When I lived on the beach I could actually walk the beach to work and even go off the beach get some groceries and that day I was carrying one brown bag.
I was just exiting the beach for the street where I lived to the apartment house in view but no one was on the street but this tall dark long haired man in his late twenties and so was I.
He came up to me so friendly and I've always have a nature to be helpful to anyone, when he asked for the time my wrist watch was on the arm I carry the bag, so I switched over to the right carrying it to lift my left arm to look at my watch for the time. When I did that he grabbed on to my left breast with a big grin that was very scary.
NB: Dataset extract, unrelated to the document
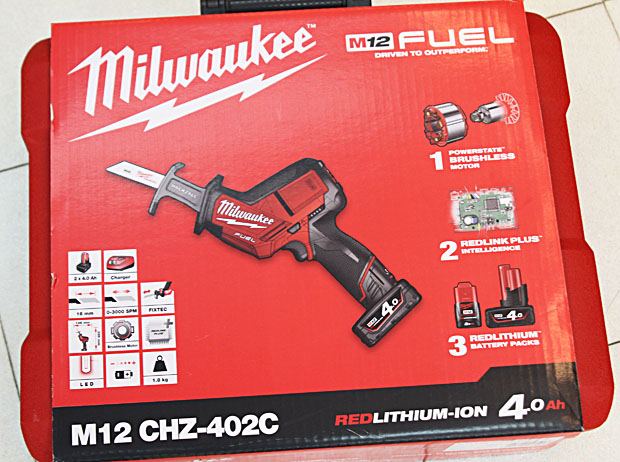 2015 MILWAUKEE M12 CHZ-402C M18 CIW12-402C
My reaction was of anger, I dropped the grocery bag and back off screaming and ready to kick at him and yet hoping someone would hear but that day the wind was strong and would drown out any sound but he knew I was not going to let him touch me again I was damn pissed. He headed for the beach as I'm still yelling at him as I walked quickly to get on the phone and call the police and I even gathered up the groceries too.
The police picked me up in their crusier and search the area, did not see him but the officer pointed at everyone asking if it was him, to the cable man,guy cutting a lawn and Florida Power & Light man on a pole and I certainly didn't want to make any error even though I was pretty shaken afterwards because in the area with his facial and body descriptions was a man raping women. In my gut feeling it was the same man, but luckily it wasn't at night or my story would of been different too.
To this day it taught me to be more careful when someone approaches me, I am more aware for my own well being that the world does have some sick individuals in it and you have be ready for anything.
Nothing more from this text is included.